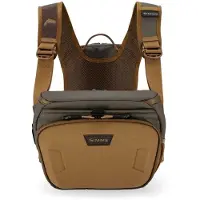 Simms Headwaters Fishing Vest Bruin Man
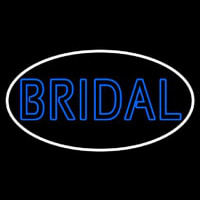 Oval Bridal Block Neonreclame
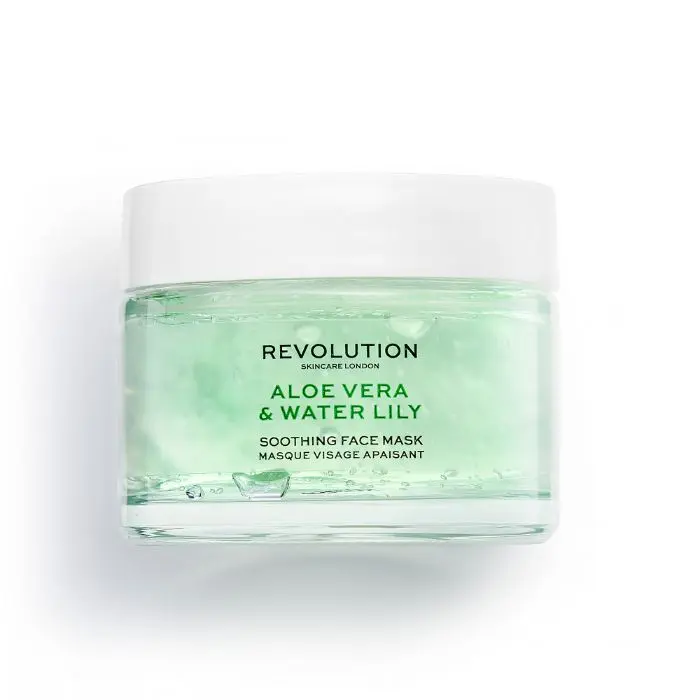 Makeup Revolution Revolution Skin Aloe Vera & Water Lily Soothing Face Mask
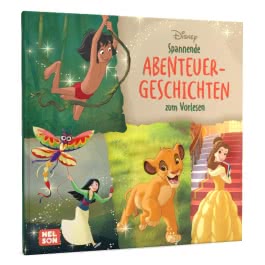 Disney Vorlesebuch: Spannende Abenteuer-Geschichten zum Vorlesen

****************

What the exercise asks: Write out the listing above again, exactly, but with no pictures in the copy.

Solution to this exercise:
 Simms Headwaters Fishing Vest Bruin Man
 Oval Bridal Block Neonreclame
 Makeup Revolution Revolution Skin Aloe Vera & Water Lily Soothing Face Mask
 Disney Vorlesebuch: Spannende Abenteuer-Geschichten zum Vorlesen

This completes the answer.